◆ Activity:
Each line from the one containing "Camiseta Guess Jeans Ls Cn Embro Slim Black" onward, through the end of the entries, is to be transcribed exactly; nothing else is to be included.
::: Data to process :::
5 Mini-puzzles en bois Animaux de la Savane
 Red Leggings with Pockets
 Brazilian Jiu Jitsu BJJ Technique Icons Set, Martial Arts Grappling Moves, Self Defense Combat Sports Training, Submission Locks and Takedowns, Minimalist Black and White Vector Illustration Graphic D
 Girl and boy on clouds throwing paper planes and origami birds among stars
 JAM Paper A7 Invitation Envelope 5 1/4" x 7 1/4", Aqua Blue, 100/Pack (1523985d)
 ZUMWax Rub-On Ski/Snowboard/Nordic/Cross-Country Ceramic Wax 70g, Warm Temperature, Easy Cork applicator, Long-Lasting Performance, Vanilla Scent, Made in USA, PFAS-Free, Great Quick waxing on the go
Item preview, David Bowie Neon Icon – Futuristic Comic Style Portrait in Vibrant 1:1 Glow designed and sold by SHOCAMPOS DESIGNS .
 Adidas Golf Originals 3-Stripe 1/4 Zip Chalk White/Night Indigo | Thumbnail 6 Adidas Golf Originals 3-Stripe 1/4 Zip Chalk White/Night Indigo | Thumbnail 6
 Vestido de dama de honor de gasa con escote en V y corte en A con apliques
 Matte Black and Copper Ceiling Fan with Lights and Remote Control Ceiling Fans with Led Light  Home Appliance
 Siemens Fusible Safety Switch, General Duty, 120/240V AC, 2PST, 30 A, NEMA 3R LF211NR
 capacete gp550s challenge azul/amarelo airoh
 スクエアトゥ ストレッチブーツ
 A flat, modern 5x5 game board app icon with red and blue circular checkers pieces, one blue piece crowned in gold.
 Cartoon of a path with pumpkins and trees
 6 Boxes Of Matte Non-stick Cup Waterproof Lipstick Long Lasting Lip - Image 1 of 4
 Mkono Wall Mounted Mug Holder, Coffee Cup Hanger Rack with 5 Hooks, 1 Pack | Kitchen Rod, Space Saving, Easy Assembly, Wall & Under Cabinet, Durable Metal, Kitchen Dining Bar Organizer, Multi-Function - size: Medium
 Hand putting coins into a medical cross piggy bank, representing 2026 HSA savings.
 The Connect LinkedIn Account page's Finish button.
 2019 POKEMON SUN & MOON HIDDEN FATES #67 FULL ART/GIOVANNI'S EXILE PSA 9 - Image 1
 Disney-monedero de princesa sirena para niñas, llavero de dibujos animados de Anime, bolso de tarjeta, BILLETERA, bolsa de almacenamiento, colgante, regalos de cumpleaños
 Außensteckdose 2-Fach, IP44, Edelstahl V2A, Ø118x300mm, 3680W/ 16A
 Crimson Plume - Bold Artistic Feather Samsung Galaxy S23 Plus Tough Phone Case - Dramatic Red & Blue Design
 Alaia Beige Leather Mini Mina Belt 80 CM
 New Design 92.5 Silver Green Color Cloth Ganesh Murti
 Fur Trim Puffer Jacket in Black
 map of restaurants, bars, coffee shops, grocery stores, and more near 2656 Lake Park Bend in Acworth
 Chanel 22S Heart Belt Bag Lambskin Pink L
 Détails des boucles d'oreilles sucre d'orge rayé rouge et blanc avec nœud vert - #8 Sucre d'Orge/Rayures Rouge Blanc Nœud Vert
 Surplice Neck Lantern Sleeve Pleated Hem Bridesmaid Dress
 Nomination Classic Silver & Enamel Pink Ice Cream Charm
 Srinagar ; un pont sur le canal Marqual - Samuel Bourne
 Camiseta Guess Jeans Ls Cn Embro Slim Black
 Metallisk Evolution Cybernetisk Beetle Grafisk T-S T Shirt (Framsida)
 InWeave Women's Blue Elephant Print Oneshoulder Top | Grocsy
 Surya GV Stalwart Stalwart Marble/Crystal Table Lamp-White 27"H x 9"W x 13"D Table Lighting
:::
◆ Final answer:
 Camiseta Guess Jeans Ls Cn Embro Slim Black
 Metallisk Evolution Cybernetisk Beetle Grafisk T-S T Shirt (Framsida)
 InWeave Women's Blue Elephant Print Oneshoulder Top | Grocsy
 Surya GV Stalwart Stalwart Marble/Crystal Table Lamp-White 27"H x 9"W x 13"D Table Lighting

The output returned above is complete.